Facets in ggplot2 are great for showing multiple plots on a single canvas. Assuming this usually covers many scenarios, there might be a case that you would want to save all the combinations of x and y variables in a plot as a file. Useless scenario, and again somehow useful.
Given a x-variable (in this case Species) we would like to have as much as four plots, each time with different y-variable (in this case Petal.Width).

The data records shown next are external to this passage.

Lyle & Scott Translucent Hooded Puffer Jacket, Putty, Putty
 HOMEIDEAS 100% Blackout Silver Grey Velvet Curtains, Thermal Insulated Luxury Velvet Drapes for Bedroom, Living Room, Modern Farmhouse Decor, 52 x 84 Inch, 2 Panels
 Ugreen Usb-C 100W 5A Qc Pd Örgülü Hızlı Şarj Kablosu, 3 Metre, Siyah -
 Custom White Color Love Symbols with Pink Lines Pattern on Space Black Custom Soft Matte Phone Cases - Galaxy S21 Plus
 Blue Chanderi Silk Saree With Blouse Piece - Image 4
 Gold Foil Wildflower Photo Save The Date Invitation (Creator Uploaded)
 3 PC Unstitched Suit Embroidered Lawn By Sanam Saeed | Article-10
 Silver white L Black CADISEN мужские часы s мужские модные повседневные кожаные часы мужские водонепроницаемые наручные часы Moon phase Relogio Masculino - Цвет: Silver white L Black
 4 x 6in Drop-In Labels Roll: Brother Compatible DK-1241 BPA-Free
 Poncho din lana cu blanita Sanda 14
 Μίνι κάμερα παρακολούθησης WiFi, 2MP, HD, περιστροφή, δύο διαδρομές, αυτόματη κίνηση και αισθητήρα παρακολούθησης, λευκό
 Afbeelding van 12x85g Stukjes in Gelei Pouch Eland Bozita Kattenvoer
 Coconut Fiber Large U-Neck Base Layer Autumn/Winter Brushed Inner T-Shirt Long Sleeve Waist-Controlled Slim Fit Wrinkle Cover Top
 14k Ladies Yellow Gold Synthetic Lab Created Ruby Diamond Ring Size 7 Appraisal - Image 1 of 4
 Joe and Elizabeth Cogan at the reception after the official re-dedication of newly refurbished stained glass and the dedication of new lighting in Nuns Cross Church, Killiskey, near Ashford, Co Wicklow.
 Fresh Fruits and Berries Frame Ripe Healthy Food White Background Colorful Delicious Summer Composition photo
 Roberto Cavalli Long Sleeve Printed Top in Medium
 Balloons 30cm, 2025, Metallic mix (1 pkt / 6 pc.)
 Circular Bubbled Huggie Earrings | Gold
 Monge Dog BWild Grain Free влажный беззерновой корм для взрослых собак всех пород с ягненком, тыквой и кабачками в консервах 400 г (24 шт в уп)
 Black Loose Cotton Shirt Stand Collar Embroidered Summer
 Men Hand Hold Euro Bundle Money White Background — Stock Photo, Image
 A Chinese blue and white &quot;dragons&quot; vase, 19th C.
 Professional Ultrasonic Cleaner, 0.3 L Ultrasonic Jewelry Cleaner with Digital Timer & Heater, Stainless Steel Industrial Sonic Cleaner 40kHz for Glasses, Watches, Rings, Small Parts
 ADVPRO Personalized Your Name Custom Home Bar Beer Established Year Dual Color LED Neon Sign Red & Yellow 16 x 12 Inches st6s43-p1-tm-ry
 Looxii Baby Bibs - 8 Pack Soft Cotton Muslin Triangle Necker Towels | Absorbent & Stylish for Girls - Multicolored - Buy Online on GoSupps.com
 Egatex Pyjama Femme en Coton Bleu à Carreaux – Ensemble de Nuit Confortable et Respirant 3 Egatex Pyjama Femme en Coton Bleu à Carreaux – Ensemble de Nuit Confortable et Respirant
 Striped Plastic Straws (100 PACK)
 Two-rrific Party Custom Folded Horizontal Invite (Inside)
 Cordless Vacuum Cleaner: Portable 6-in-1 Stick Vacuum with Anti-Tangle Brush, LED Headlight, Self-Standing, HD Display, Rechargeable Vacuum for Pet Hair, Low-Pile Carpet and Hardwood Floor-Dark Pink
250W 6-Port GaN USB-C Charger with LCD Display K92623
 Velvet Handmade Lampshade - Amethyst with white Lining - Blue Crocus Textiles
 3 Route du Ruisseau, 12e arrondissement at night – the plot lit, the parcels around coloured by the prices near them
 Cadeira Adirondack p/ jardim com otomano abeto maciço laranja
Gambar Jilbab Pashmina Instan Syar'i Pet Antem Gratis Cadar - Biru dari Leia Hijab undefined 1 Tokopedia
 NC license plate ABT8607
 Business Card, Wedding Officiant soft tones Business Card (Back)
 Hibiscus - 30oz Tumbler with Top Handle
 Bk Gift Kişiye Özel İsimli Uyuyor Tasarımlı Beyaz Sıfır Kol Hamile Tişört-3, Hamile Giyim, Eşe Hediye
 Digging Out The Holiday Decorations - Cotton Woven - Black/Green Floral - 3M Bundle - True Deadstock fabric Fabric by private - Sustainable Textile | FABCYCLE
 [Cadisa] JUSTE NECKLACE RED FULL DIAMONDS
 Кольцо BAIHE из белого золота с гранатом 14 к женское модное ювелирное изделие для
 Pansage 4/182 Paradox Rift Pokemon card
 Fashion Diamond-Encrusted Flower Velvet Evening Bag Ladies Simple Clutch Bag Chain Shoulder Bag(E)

So the combinations would be:
- Species x Petal.Width
- Species x Petal.Length
- Species x Sepal.Width
- Species x Sepal.Length
Creating a helper function that will take an input string and convert it to variable for boxplot:
# Helper function
Iris_plot <- function(df=iris, y) {
ggplot(df, aes(x = Species, y = !! sym(y) )) +
geom_boxplot(notch = TRUE) +
theme_classic(base_size = 10)
}
Once we have a helper function defined, loop into the datasets:
# Main loop through the columns and dataset
for(varR in variableR){
name <- paste0(varR, "_x_Species")
png(paste0(name, ".png"))
print(Iris_plot(df=iris, y=varR))
dev.off()
}
At the end, you will have in your work enviroment (check path by getwd() ) files, each holding the combination of graph.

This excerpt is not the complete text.